El primer aparato que OpenAI pone a la venta no lo ha diseñado Jony Ive, no habla y no va al salón de tu casa. Es un teclado pequeño de 230 dólares que sirve para una sola cosa: mandar en los agentes que te escriben el código. Y lleva una rueda para decidir cuánto tienen que pensar.
Se llama Codex Micro y se puede pedir desde el 15 de julio en la tienda de OpenAI. Lo fabrica Work Louder, una empresa de teclados, y las unidades son limitadas.
Un mando para tus agentes
Lo que hay encima de la mesa es un macropad: un panel de teclas que no sustituye al teclado, lo complementa. La diferencia con cualquier otro está en para qué sirven esas teclas.
Seis de ellas se encienden con el estado de tus agentes. Cada una refleja una de las tareas en marcha y cambia de color según lo que esté pasando al otro lado: parado, pensando, terminado, esperando una respuesta tuya o error. Sin abrir la ventana, sin cambiar de chat.
El resto de teclas son atajos para lo que se hace todo el rato con un agente: aceptar un cambio, rechazarlo, abrir una conversación nueva o hablarle por voz. El joystick lanza flujos enteros, como revisar una pull request, depurar un error o refactorizar.
Una rueda para decidir cuánto piensa
Y luego está el detalle que mejor retrata el momento. El aparato lleva un dial que sube y baja el nivel de razonamiento del modelo. Lo giras hacia abajo para lo rápido y hacia arriba cuando el problema pide pensar más.
Es decir: el esfuerzo cognitivo de la máquina se ha convertido en un mando físico, como el volumen de una radio. Hace dos años se discutía si la IA razonaba; ahora tiene rueda.
La ficha técnica es la de un teclado caro y bien hecho: cuerpo de policarbonato y aluminio mecanizado, base anodizada, 13 interruptores mecánicos (a elegir entre sonoros o silenciosos), un sensor táctil, un codificador rotatorio y un joystick planar. Se conecta por Bluetooth o USB-C, va con Mac y con Windows, y trae 32 teclas de recambio con iconos para reasignar lo que quieras.

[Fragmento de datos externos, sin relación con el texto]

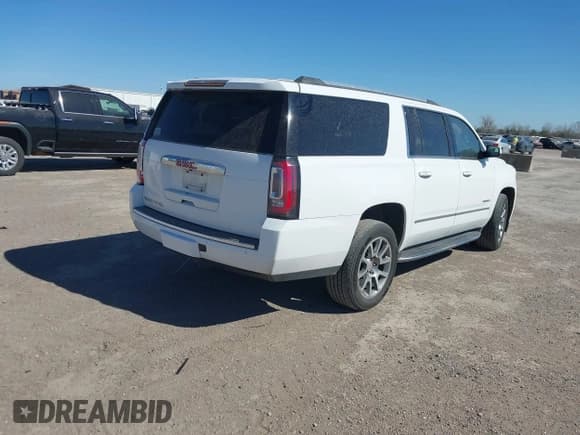 ✅ 2020 GMC Yukon XL Denali • VIN: 1GKS2HKJ9LR298494 • Lot: 41817872. Wystawiony na IAAI z przebiegiem 111 730 mil. Bezpłatny archiwum sprzedaży aukcyjnych z USA i szczegółowy raport historii pojazdu na DreamBid. Zdjęcie 4.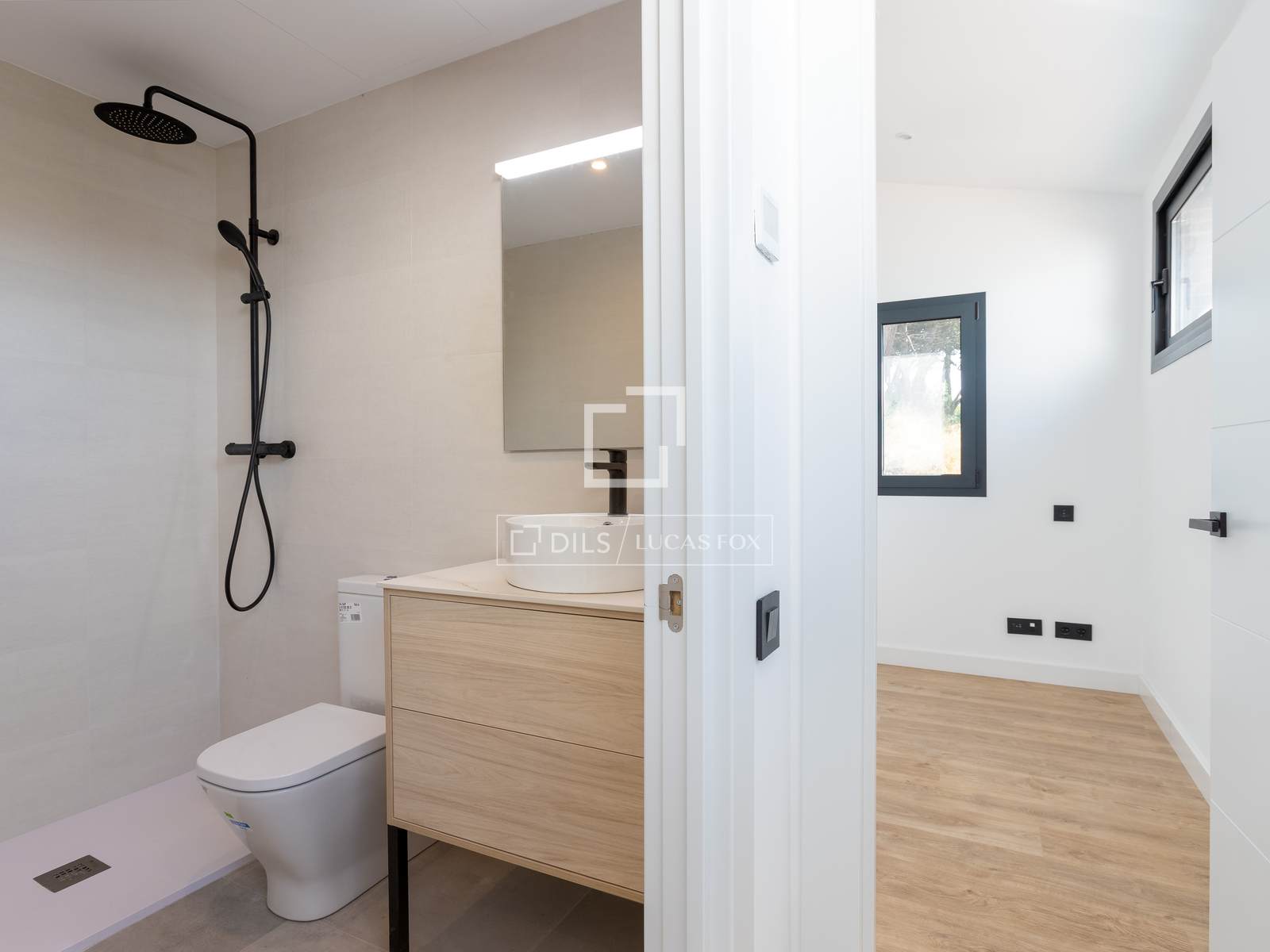 Villa en Vallromanes, Barcelona, España 4 dormitorios, 283 m2 No. 150368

No es el aparato que esperaba nadie
Conviene situarlo, porque el hardware que se esperaba de OpenAI era otro. La compañía se quedó con io, la empresa de Jony Ive, el diseñador del iPhone, para construir un dispositivo doméstico que, según los rumores, sería un altavoz. Ese sigue sin llegar.
Y no llega en el peor momento posible: Apple ha demandado a OpenAI, a su filial de hardware y a dos empleados que salieron de Cupertino, por el presunto robo de secretos comerciales. Engadget lo resume con precisión: el Codex Micro es el menos problemático de los proyectos de hardware de OpenAI. Es lo que se puede enseñar mientras lo gordo está en los tribunales.
Tampoco es el primer hardware que lleva su nombre. En junio anunció con Broadcom Jalapeño, un procesador de inferencia para sus propios centros de datos. Aquello no se vende; esto se compra y se pone en la mesa.
Un accesorio que dice algo
Work Louder no es un fabricante cualquiera de este nicho: ya había hecho algo parecido con Framer, el creador de webs, y vende macropads para diseñadores. El patrón se repite, y ahora le toca a los agentes.
Porque eso es lo que hay debajo de un teclado de 230 dólares con unidades limitadas. Los agentes han dejado de ser una ventana de chat y se han convertido en algo que hay que vigilar: varios a la vez, cada uno en su tarea, unos parados y otros esperándote. Cuando un programador necesita seis luces para saber qué está haciendo su software, el problema ya no es que la IA no sepa programar.
OpenAI acaba de convertir Codex en una aplicación que junta ChatGPT, la programación y una herramienta nueva de productividad. El Codex Micro es el botón físico de todo eso. No hace falta para usarlo, y ahí está la gracia: es un objeto para quien pasa tantas horas dando órdenes a una IA que le compensa comprar un mando.